Officially David Lama, Hansjörg Auer and Jess Roskelley are still missing. But there is no hope that the three climbers survived the avalanche on the 3,295-meter-high Howse Peak. The still high avalanche danger in the Canadian Rocky Mountains has not yet allowed a recovery. Parks Canada, the national park authority of the Canadian government, has closed the area.
The shock is deep in the mountaineering scene. “Three of the best alpinists in the world lost in one unfortunate accident”, writes US climber Alex Honnold. “The three missing mountaineers were no doubt a great asset of our community,” adds Pakistani top mountaineer Muhammad Ali “Sadpara”, who is currently en route on the eight-thousander Makalu in Nepal. “The gap they created can never be bridged.”
The risk is part of it
Despite all the sadness, the climbers agree that Lama, Auer and Roskelley consistently lived their dreams and passion for the mountains and that they were well aware of the risks involved when pushing the limits. “The intensity of the high alpine, guarded by wind and snow and ruled by gravity, is where we find these moments that define us as people,” writes US climber Conrad Anker.

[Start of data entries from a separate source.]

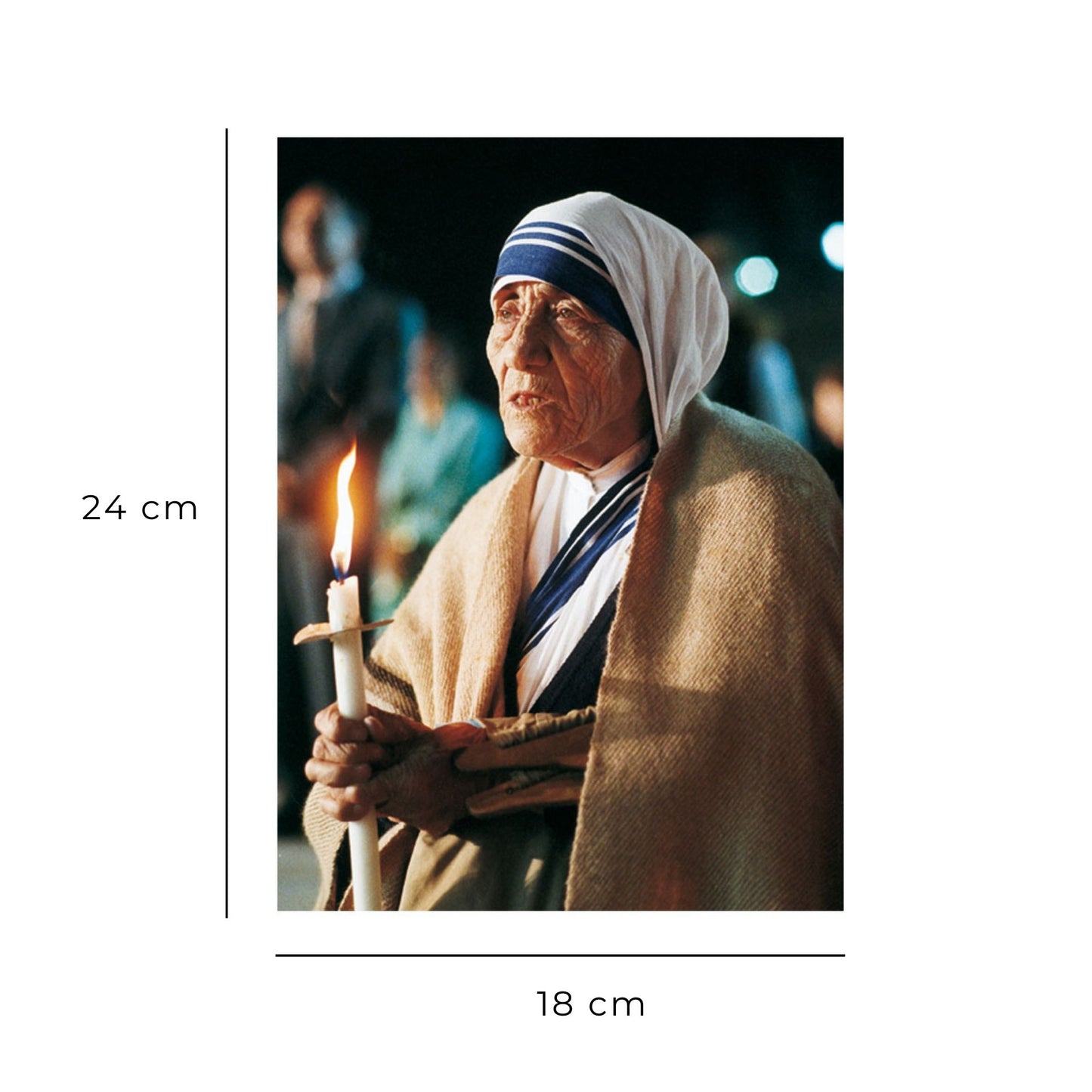 Foto madre Teresa con candela cm 18x24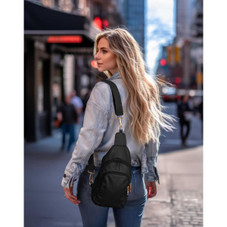 Real Leather Solid Strap Shoulder Sling Bag product image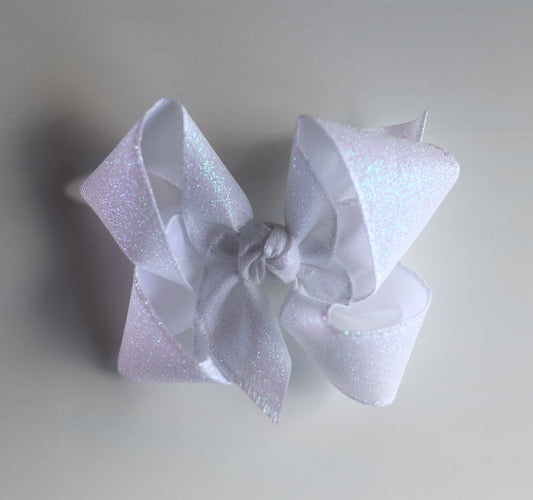 WHITE Glitter Hair Bow
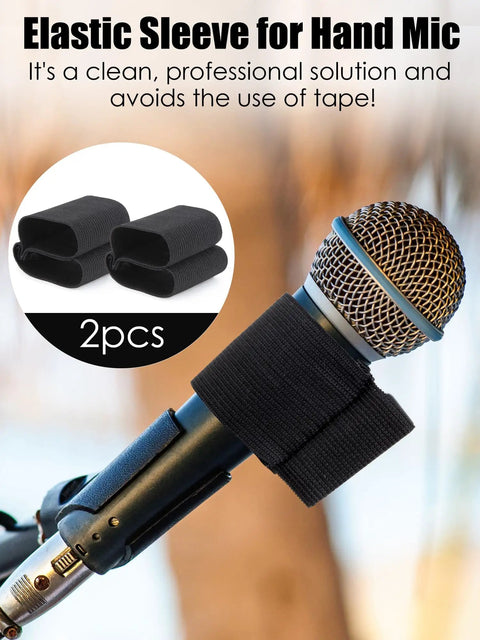 Elastic Handheld Microphone Sleeve For Rode Wireless GO II ME PRO System attached to handheld mic, shown in 2 pack.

The Italian Simone Moro expresses himself in a similar way. Every climber tries to protect the “precious gift of life”, says Simone: “But man is part of nature, he is not its ruler and creator and accepts from the beginning that skill, experience, tricks and prudence may not be enough to cancel the risks and avoid even the worst. But we can decide whether to exist only to live, or to live trying to make sense of the gift and the luck of having existed.”
“I cannot resist”
Hansjörg Auer’s family and friends quote the climber himself on Facebook. “Climbing and mountaineering on the borderline of possible is a game – a risky game … but one that I cannot live without,” Hansjörg once said. “The game is simple, the rules always the same. The present moment counts for everything. I want to do things that push me. With all my heart or not at all. The more intense it is, the more enriching it is, and the stronger the feeling that I am heading in the right direction.
I do however begin to ponder. Especially when I am injured or after a close call. I think about my friends. I think about what it would be like if one day I didn’t return, if I had to pay the price for the mountains. And yet I cannot resist to take on the challenge time after time. I will never stop searching because what I find fascinates me every time I head out.”